For this exercise, reproduce the entries below exactly, but only from the line containing "血液生物標志物可能有助于淋巴瘤治療" through the line containing "Nguy Hiểm Không?", both included.

> **Data records**
[Start of Attachment]

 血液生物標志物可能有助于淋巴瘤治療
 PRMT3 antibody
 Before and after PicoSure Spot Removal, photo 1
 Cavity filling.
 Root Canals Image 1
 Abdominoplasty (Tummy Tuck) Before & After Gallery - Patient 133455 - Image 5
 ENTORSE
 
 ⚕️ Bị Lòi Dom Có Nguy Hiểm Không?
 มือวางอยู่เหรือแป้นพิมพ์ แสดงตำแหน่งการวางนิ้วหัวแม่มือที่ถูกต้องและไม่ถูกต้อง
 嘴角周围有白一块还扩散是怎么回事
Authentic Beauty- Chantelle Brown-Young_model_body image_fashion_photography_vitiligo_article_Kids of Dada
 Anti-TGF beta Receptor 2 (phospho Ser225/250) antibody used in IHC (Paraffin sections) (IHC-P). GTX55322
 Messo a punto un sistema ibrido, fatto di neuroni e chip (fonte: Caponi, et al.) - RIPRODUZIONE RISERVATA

[End of Attachment]
[Start of Attachment]

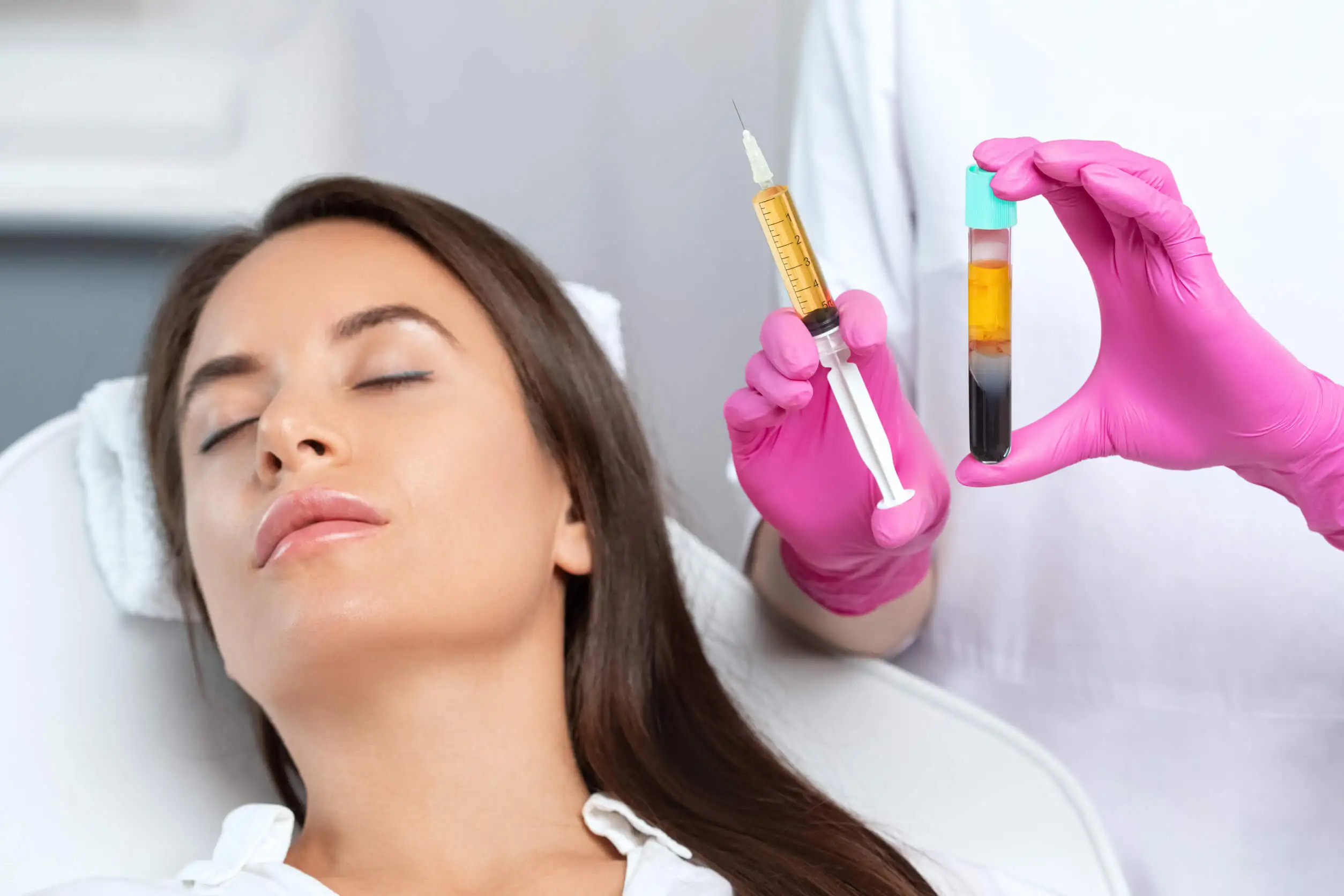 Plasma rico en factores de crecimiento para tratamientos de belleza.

[End of Attachment]

> **Reply**
 血液生物標志物可能有助于淋巴瘤治療
 PRMT3 antibody
 Before and after PicoSure Spot Removal, photo 1
 Cavity filling.
 Root Canals Image 1
 Abdominoplasty (Tummy Tuck) Before & After Gallery - Patient 133455 - Image 5
 ENTORSE
 
 ⚕️ Bị Lòi Dom Có Nguy Hiểm Không?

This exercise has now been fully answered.